**Work order**
Print the records below exactly, from the line containing "Bloedrecht - Sven Pombreu - ebook" down to the line containing "Pediatric Applications of", both lines included, and omit every picture.

**Input records**

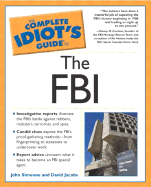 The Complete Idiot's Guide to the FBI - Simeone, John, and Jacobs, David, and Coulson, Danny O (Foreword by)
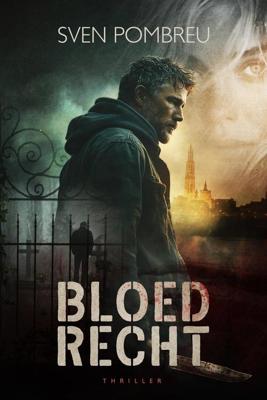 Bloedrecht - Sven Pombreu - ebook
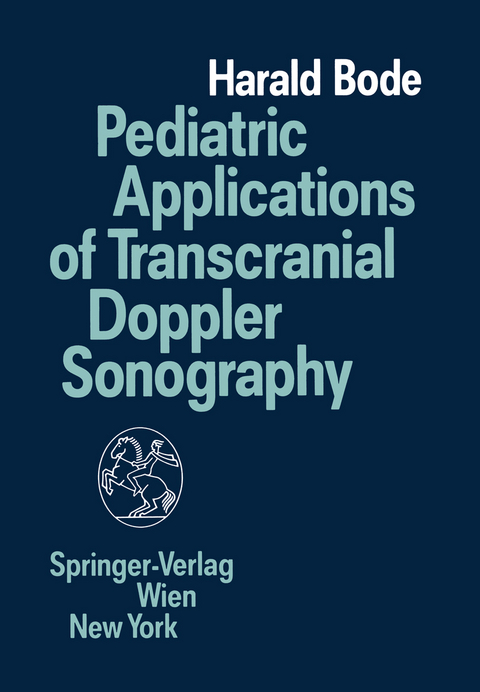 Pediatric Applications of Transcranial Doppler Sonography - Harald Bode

...

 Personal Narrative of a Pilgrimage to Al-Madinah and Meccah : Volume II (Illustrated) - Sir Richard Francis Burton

**Exercise solution**
 Bloedrecht - Sven Pombreu - ebook
 Pediatric Applications of Transcranial Doppler Sonography - Harald Bode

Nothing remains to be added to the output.